Di sisi lain, Pembangunan merupakan salah satu Upaya peningkatan kualitas hidup masyarakat Indonesia dimana aspek penunjang kehidupam merupakan hal yang penting untuk di sediakan. Negara Harus menjamin ketersediaan berbagai fasilitas, pendidikan kesehatan, akses Jalan, Energi listrik, energi Bahan Bakar, Tambang, Industri, Ketersediaan Bahan Pokok, Ketersediaan Air, dan lainnya.
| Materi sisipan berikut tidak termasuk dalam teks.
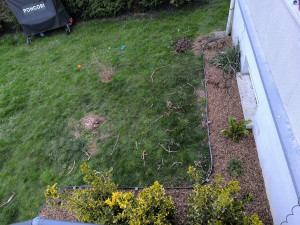 Photo de galerie - Création d'un massif arbustif et fleuri avec des plantes vivaces et des arbustes délimité par une bande écolat et du paillage de chanvre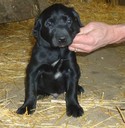 Black Male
“Semua fasilitas tersebut terkadang berkaitan dengan pemilihan lokasi bahan dan aspek kemanfaatan nya, sehingga sering bersinggungan dengan Lahan yang sudah ditempati sebagai tempat tinggal masyarakat, hal ini yang kemudian menjadi dilema, meskipun Negara Memiliki kewenangan untuk Mengambil Hak Atas Kepemilikan Tanah yang akan digunakan fasilitas Umum Kepentingan Negara, namun saat ini Aspek Sosial yang berhubungan dengan HAK Azasi menjadi pertimbangan Tambahan. Untuk itu dalam penggunaan lahan yang akan digunakan oleh negara,Ā  memiliki aturan adanya ganti rugi diatas rata rata NJOP tanah itu sendiri, yang diharapkan agar masyarakat tidak dirugikan secara materil. Bahkan masyarakat sering menyebutkan dengan ganti untung,” kata Dede.

Salah satu Kebermanfaatan Bendungan memiliki: 1. Penyimpanan air, 2. Sebagai pengendalian banjir, 3. Irigasi pertanian perikanan, 4. Produksi listrik, 5. Pengendalian puing, 6. Rekreasi. Dan perlu diingat Dampak lingkungan yang disebabkan dari Pembangunan Bendungan Jauh Lebih Kecil dibandingkam dengan Pertambangan ataupun Pembangunan yang lainnya

Lanjut Dede, terlepas dari Pro dan Kontra Soal Dukungan Bendungan Pasirkopo, pihaknya menyampaikan Kepada pemerintah bahwa Landasan yang Harus dipakai sebagai Pegangan dalam Rencana Pembangunan Proyek Strategis Nasional adalah Aspek Kepentingan Negara dan Aspek Yuridisnya, sehingga Negara Hadir dalam menentukan Kepentingan yang Lebih Besar, dibandingkan dengan Kepentingan Lain nya. Jangan sampai Negara terombang ambing dalam Aspirasi aspirasi yang pro dan kontra, apalagi pemerintah sudah malakukan kajian fisik dan sosial, sehingga Negara tidak boleh Ragu dalam merencanakan pembangunan untuk kepentingan Masyarakat Indonesia secara Umum.

“Semoga semua stakeholder mampu menurunkan ego masing masing dan memilih serta manimbang kebermanfaatan dari sebuah pembangunan, perubahan sebuah keniscayaan, namun bagaimana kita mempu mamaksimalkan ditengah perubahan tersebut demi keberlangasungan kehidupan kedepan yang lebih Baik,” tutup Dede.